Sekte-sekte yang lahir dari rahim Zaidiyah ini dikemudin hari adalah; Jarudiyah, Sulaimaniyah, dan Batriyah atau as Salihiyah.[20] Sekte Jarudiyah adalah pengikut Abi Jarud Zuyad bin al Mundziry al 'Abdi. Sekte ini menganggap Nabi Muhammad telah menentukan Ali sebagai imam setalahnya, namun tidak dalam bentuk yang tegas melainkan hanya dengan Isyarat (secara tidak langsung) atau dengan al washf (menyebut-nyebut keunggulan Ali dibandingkan lainnya). Kitab Tahdizib at Tahdzib (hlm. 386) menyebutkan dirinya sebagai al kadzâb laisa bi tsiqah dikarenakan ia termasuk dalam kelompok Rafidhah (menolak Abu Bakar dan Umar), dan termasuk orang-orang ghuluw yang melampaui batas. Sekte ini kemudian berselisih faham mengenai kepemimpinan setelah Ali dalam jumlah yang banyak.[21]

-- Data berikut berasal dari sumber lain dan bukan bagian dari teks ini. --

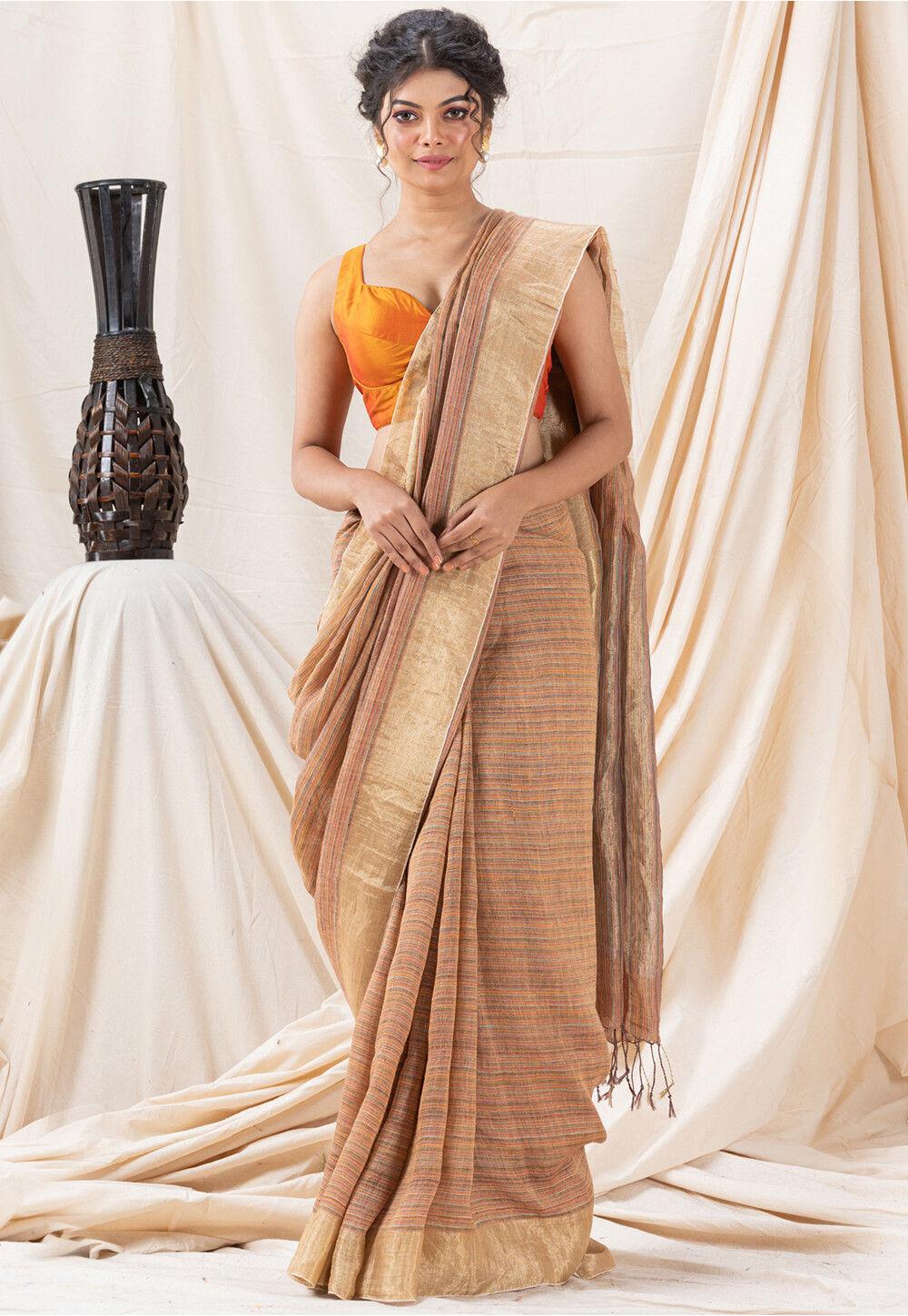 Linen Jamdani Saree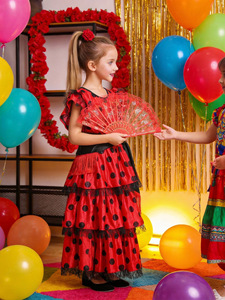 Robes de <span class=keywords><strong>danseuse</strong></span> <span class=keywords><strong>flamenco</strong></span> espagnole pour enfants pour Halloween, <span class=keywords><strong>costume</strong></span> de déguisement en polyester en stock - Product Image 3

Sementara itu, sekte Sulaimaniyah adalah pengikut Sulaiman bin Jarir. Sekte ini beranggapan bahwa masalah imamah dapat ditentukan dengan syura. Namun dalam hal ini ummat telah melakukan sesalahan dalam berbai'at kepada Abu Bakar dan Umar, karena sesungguhnya ada yang lebih baik dari mereka yaitu Ali. Akan tetapi bai'at mereka tetap sah karena mereka menerima al mafdhul ma'a wujud al afdhal. Akan tetapi kelompok ini telah mengkufurkan Amirul Mu'minin Utsman bin Affan karena dianggap telah menyimpang dari Islam. Mereka juga mengkufurkan Ummul Mu'minin A'isyah, Zaid, dan Thalhah karena talah berperang terhadap Ali. Sekte ini juga dikenal dengan al Jaririyah.[22]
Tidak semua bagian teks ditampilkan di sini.